* **WHAT THE TASK ASKS**:
From the line that contains "Minnesota Shaded Relief" down to the final line of the listing below, set down every line exactly, both ends included, and drop the pictures.

* **DATA BELOW**:

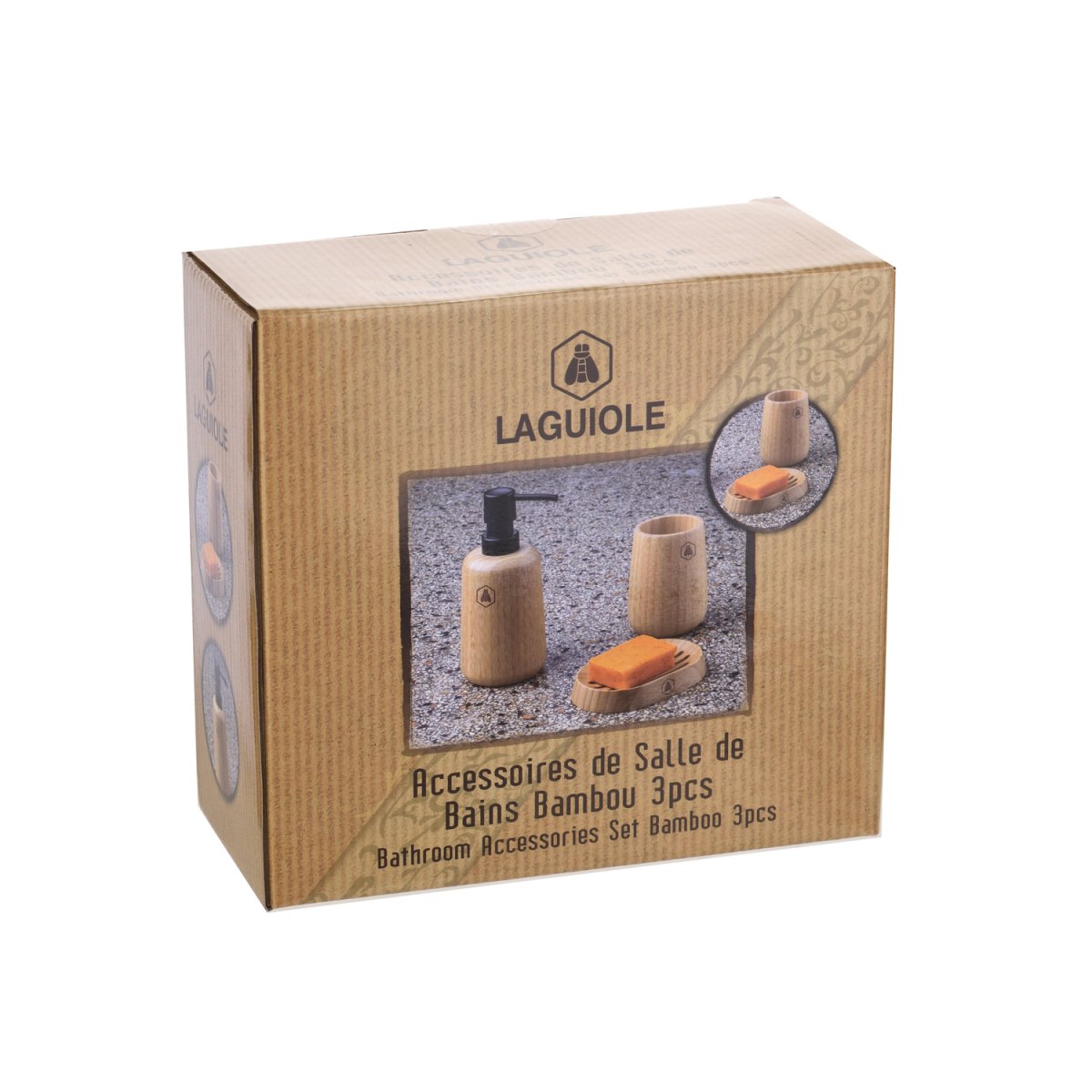 Accessoires de salle de bain en bambou 3 pcs – Image 7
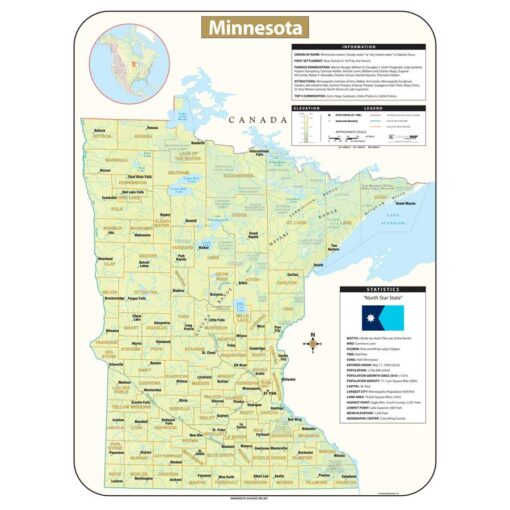 Minnesota Shaded Relief State Wall Map by Kappa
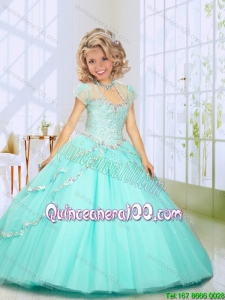 2016 Fashionable Beading Sweep Train Mini Quinceanera Dresses in Mint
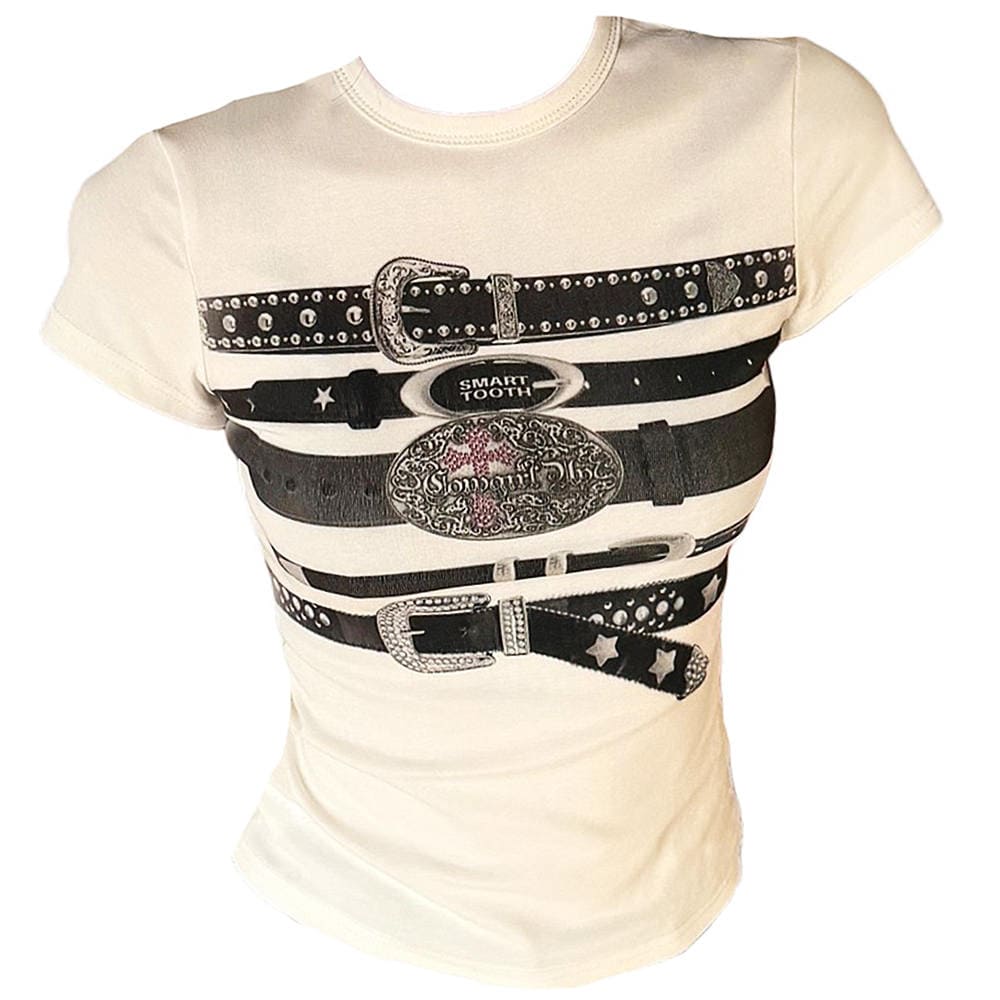 Y2K Western Belt Print Tee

* **OUTPUT OF THE TASK**:
 Minnesota Shaded Relief State Wall Map by Kappa
 2016 Fashionable Beading Sweep Train Mini Quinceanera Dresses in Mint
 Y2K Western Belt Print Tee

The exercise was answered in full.